→ **Recorded data**:
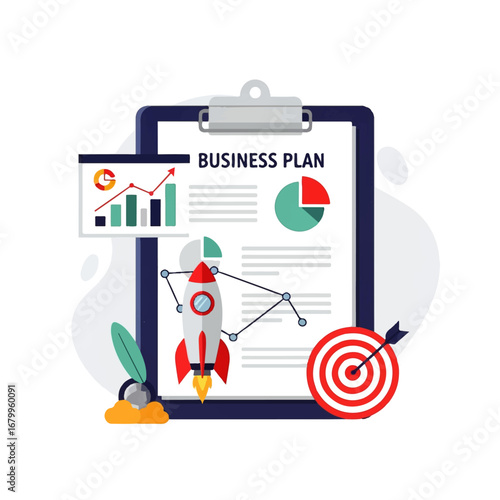 A rocket launching from a business plan document, symbolizing ambitious growth and strategic planning amidst data charts and a target arrow.
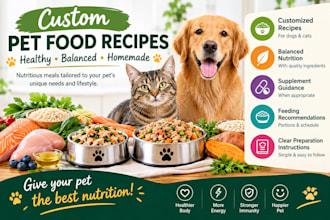 formulate healthy and balanced homemade pet food recipes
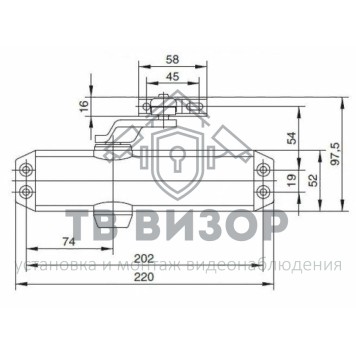 Доводчик дверной
 Abloy DC120 серебро-1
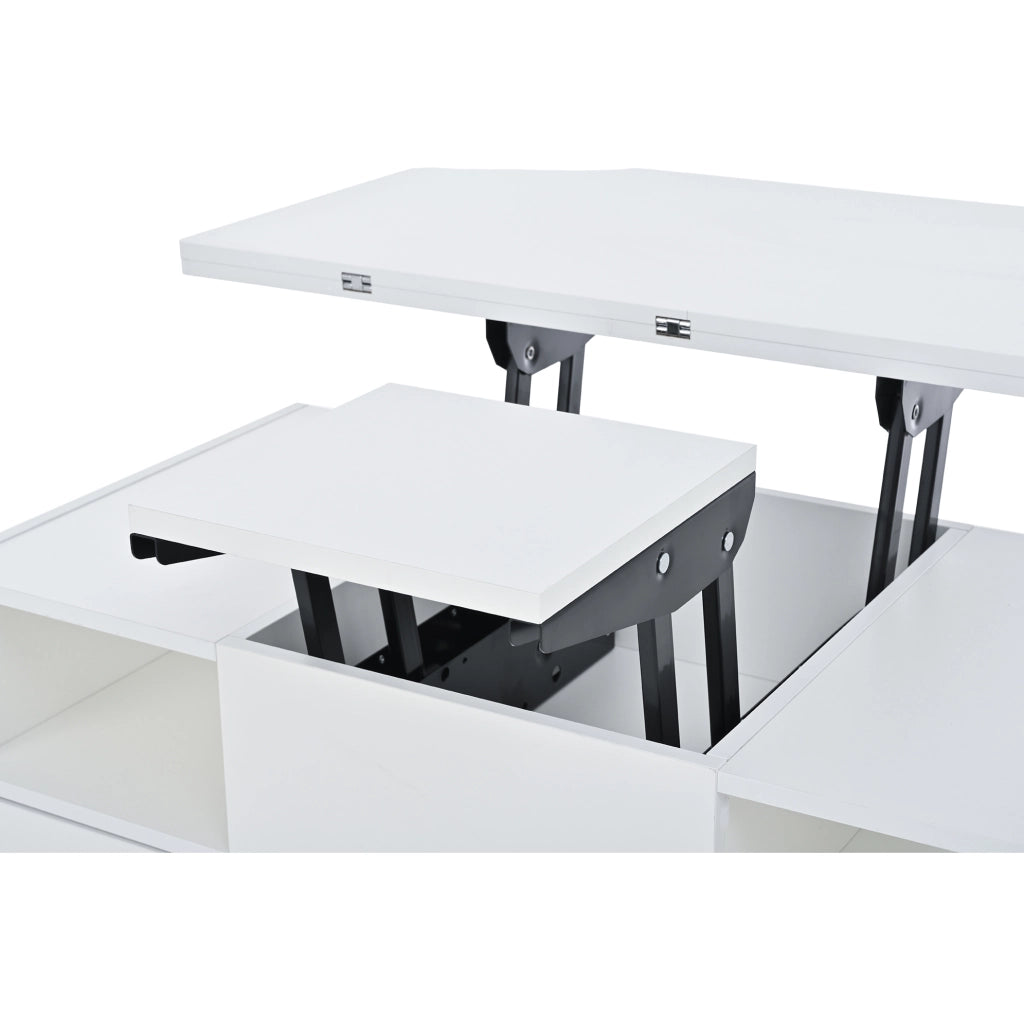 Tavolino da caffè 100x50x47;5 cm sollevabile e pieghevole in MDF bianco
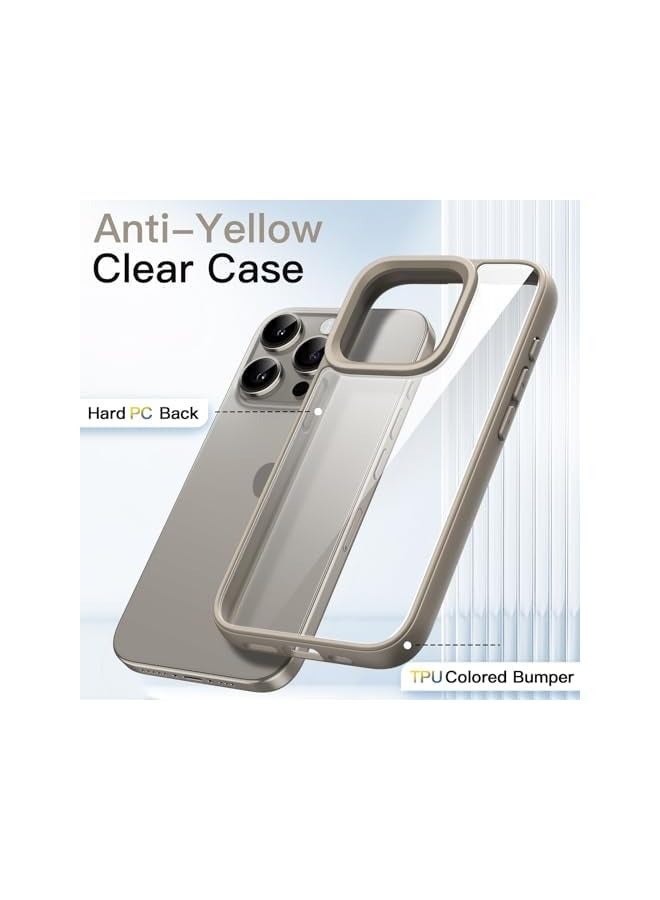 JETech Case for iPhone 15 Pro 6.1-Inch, Shockproof Phone Bumper Cover, Solid Color Matte TPU Frame, Anti-Scratch Clear Back (Natural Titanium) - Image 3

→ **Assigned task**: Retype the line containing "formulate healthy and" and all lines after it through the end of the material, exactly and only those, leaving out pictures.

→ **Task response**:
 formulate healthy and balanced homemade pet food recipes
 Доводчик дверной
 Abloy DC120 серебро-1
 Tavolino da caffè 100x50x47;5 cm sollevabile e pieghevole in MDF bianco
 JETech Case for iPhone 15 Pro 6.1-Inch, Shockproof Phone Bumper Cover, Solid Color Matte TPU Frame, Anti-Scratch Clear Back (Natural Titanium) - Image 3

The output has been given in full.